Etsy recently implemented a sustainability feature that allows sellers to click on an attribute that marks an item as ‘recycled’ or ‘organic’, or ‘ethically sourced.’ Not all our listings have the attribute as a clickable option on our back end, so we assume it is still in testing mode (we often get selected to test new features). The Etsy seller Handbook has an article on what items the attribute can be applied to. Here’s what it says about gems:
Ethical Gemstones: Ethical gemstones, including diamonds, require high standards for social and environmental responsibility that go beyond being Conflict Free™. Note that ethical gemstones don't typically include vintage gemstones due to lack of supply chain transparency. All gemstones, including diamonds, in or on the item must be ethical in order to claim this attribute. Sellers should qualify claims for “ethical” so that consumers understand what this label represents in their listing description. https://www.etsy.com/seller-handbook/article/1101070151405#SAD
As you may know, ‘ethics’ is totally up my alley as I am an ethicist by training. My Ph.D. is in philosophy, one of my two specializations is applied ethics (the other is epistemology, or theory of knowledge). I am also published in this field. I won’t bore you with further details, but I will link to my Ethics text here: https://learninglink.oup.com/access/burnor-2e
I don’t normally bring up my academic background because it’s (a) not relevant and (b) I don’t want it to be misconstrued as tooting my own horn about my being such a wonderfully ethical being. I’m the same as everyone else, just with a research degree in the relevant field. I do know a lot about the term ‘ethical,’ how it is used and I am very familiar with the problems posed by determining what territory it covers and how. And that’s why I want to weigh in on how problematic it is to try to make a gemstone be ‘ethical’ – and note, on the side, that no object can be ethical any more than it can be courageous or trustworthy. This requires agency, and agency requires an agent, someone who can choose between actions. But let’s set that aside, maybe I’m just being nitpicky.

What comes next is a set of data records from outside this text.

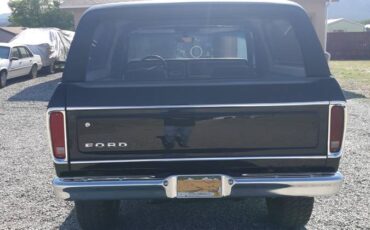 Ford-bronco-1979-black-17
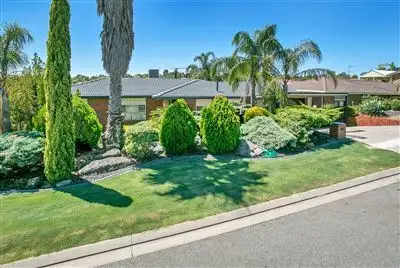 18 Glenarbon Court, Para Hills SA 5096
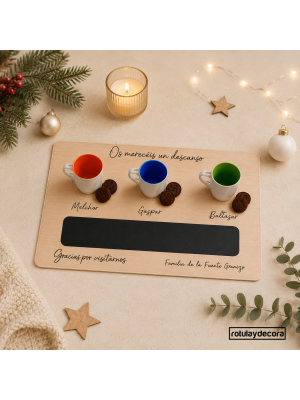 fotomontaje de la imagen principal de la bandeja con el diseño para los reyes magos, con tacitas de colores, galletas y unas velitas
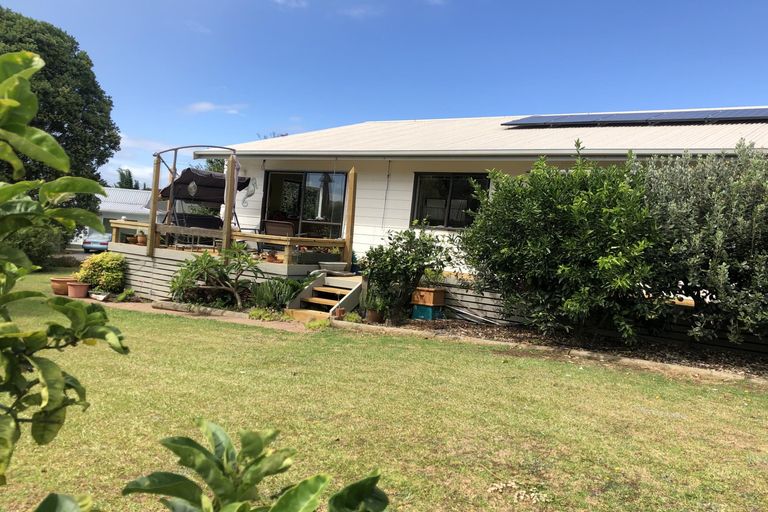 Photo of property in 6 Jacaranda Place, Kerikeri, 0230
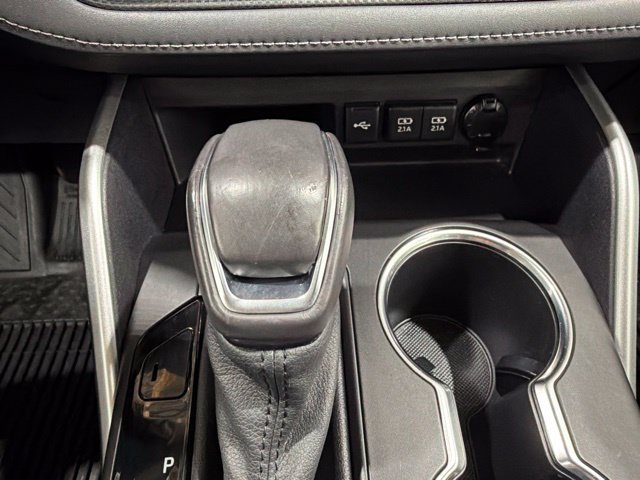 Used 2021 Toyota Highlander XLE AWD/4WD image 48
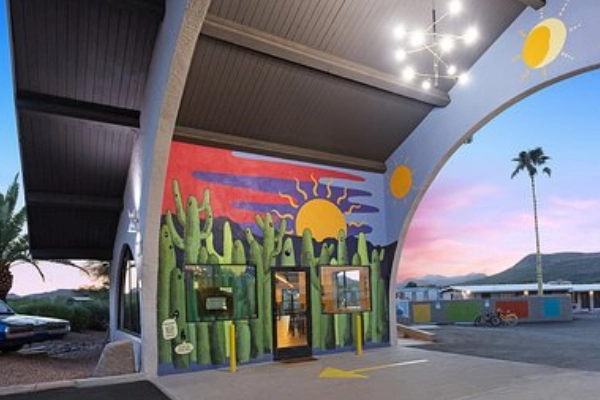 Hotel McCoy - Art, Coffee, Beer, Wine, Tucson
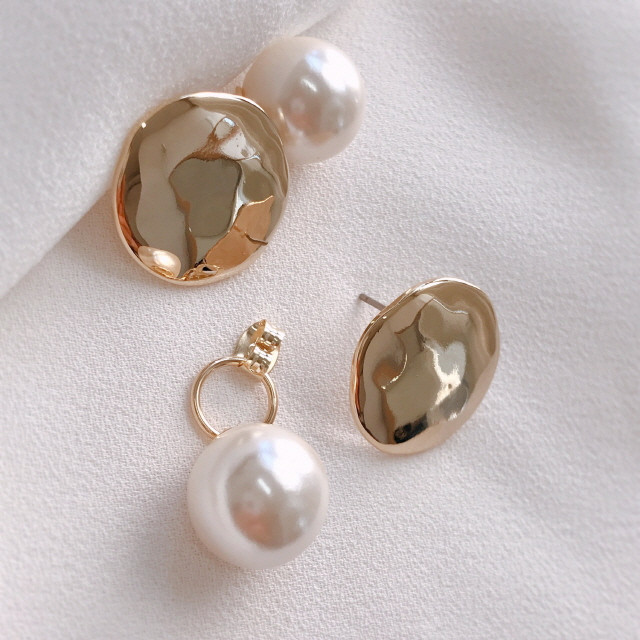 <b><p>Modern metal Big Pearl Two way ring Drop</p></b><b><p>モダン メタル ビッグ 真珠 ツーウェイ イヤリング ドロップグ ラウンド シンプル</p></b><br /><br /><p align='center'>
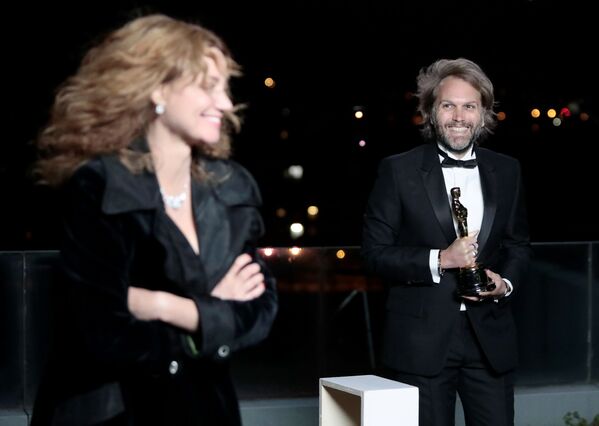 フランス・パリで開催された授賞式で、映画『ファーザー』で脚色賞を受賞し、オスカー像を手に取る監督のフローリアン・ゼレール氏 - Sputnik 日本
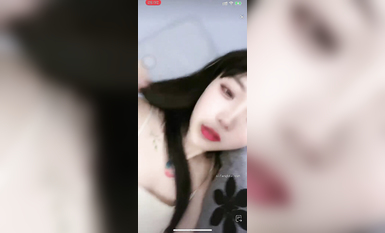 最新《瘋狂抖音》外篇之《抖音擦邊3》顏值主播直播各顯神通 閃現 走光露點 刷邊PK (224)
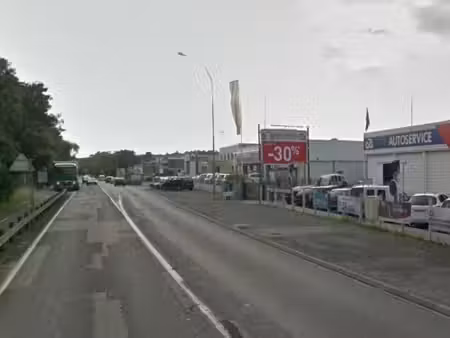 location local d'activités 653 m²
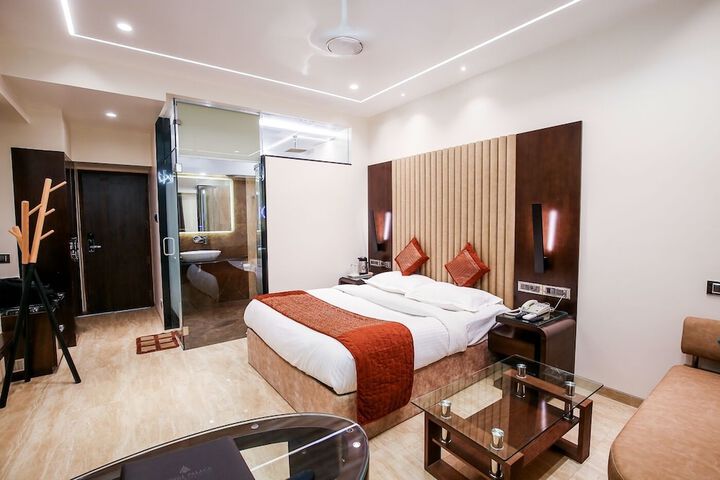 Room 8 of 53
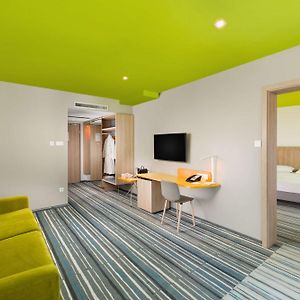 Suite met een Slaapkamer en een King Size Bed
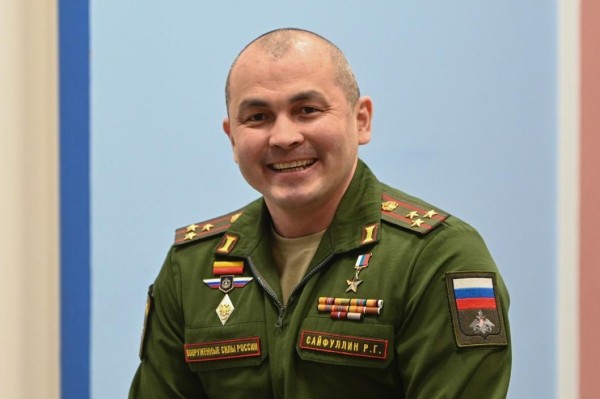 Полковник Сайфуллин вдохновляет своими тренировками курсантов ТВВИКУ Полковник Сайфуллин вдохновляет своими тренировками курсантов ТВВИКУ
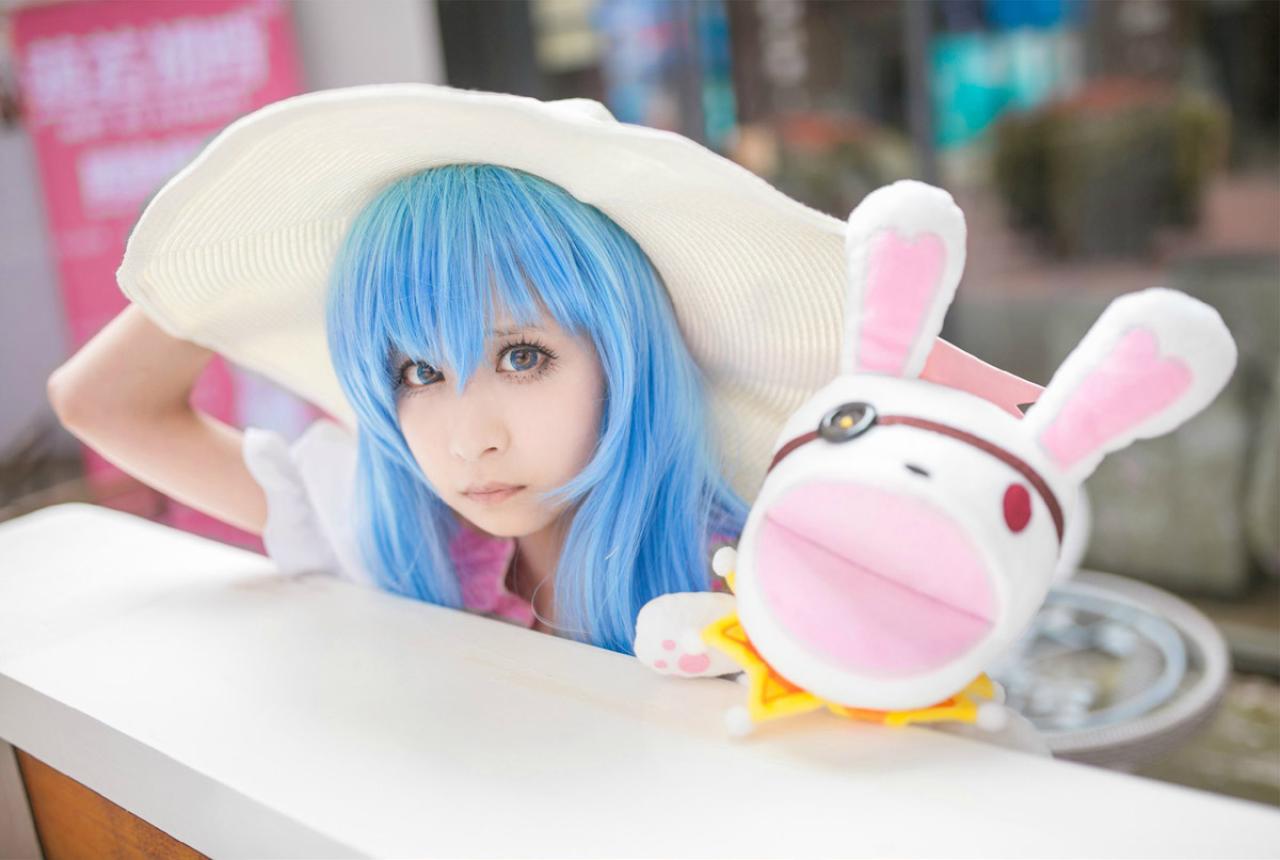 桃小陌扮演四糸乃拿着四糸奈兔子人偶在矮墙后面看镜头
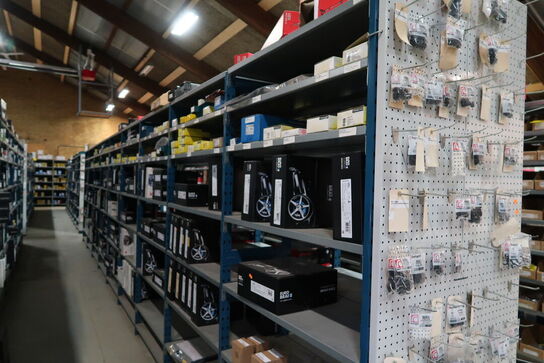 9 fag dobbeltsidet lagerreoler uden indhold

Let’s look closely at that quote and figure out what’s being claimed. Start with “conflict free.” According to IGS (International Gem Society), a Conflict Free diamond is defined as a diamond that has “not financed civil wars.” https://www.gemsociety.org/article/conflict-free-diamonds/. But that applies to diamonds. Colored stones are not used to finance civil wars or much of anything else. They cannot be used as currency in the way diamonds are because their values are hard to determine, the pricing varies too much and as a result, they are not easily converted for cash on the open market. (Colored stones can and are used in money laundering schemes but I will have to leave that topic for another blog.)
You can of course say that a colored stone is conflict free but it would not say much, certainly it would not be a term of distinction, just like the word ‘natural’ when applied to most food stuffs, like ‘all natural’ doesn’t add much by way of information on a can of beans or a bottle of water. So if that were the only criterion for ‘ethical,’ all colored stones would be ethical stones.
It is also false to imply – as Etsy does above - that non-vintage gems have a transparent supply chain. They do not. And to know if a gem is ethically sourced you need to know about the supply chain, of course. Unfortunately, most gems go through too many hands for anyone at the end of the supply chain to know much about their history. Only a small subset of gems on the market are ‘block-chained’, meaning that their travels are fully documented. A portion of Dudley Blauwet’s gems are now block-chained. Nomads Gems will additionally make the distinction between gems bought on the open market and gems bought from trusted sources. Most small vendors however make no claims about their sources one way or the other, because they can’t.
Assuming, for the moment, that the supply chain was transparent, however, this still does not answer what makes a gemstone ethical. Again, let’s resort to what has been said about diamonds to get us started with a hypothesis. IGS offers this definition of ethical:
Conflict-free refers to diamonds which have not financed civil wars. Ethical diamonds go further, ensuring fair pay, safe working conditions, environmentally sound practices, and no human rights abuses.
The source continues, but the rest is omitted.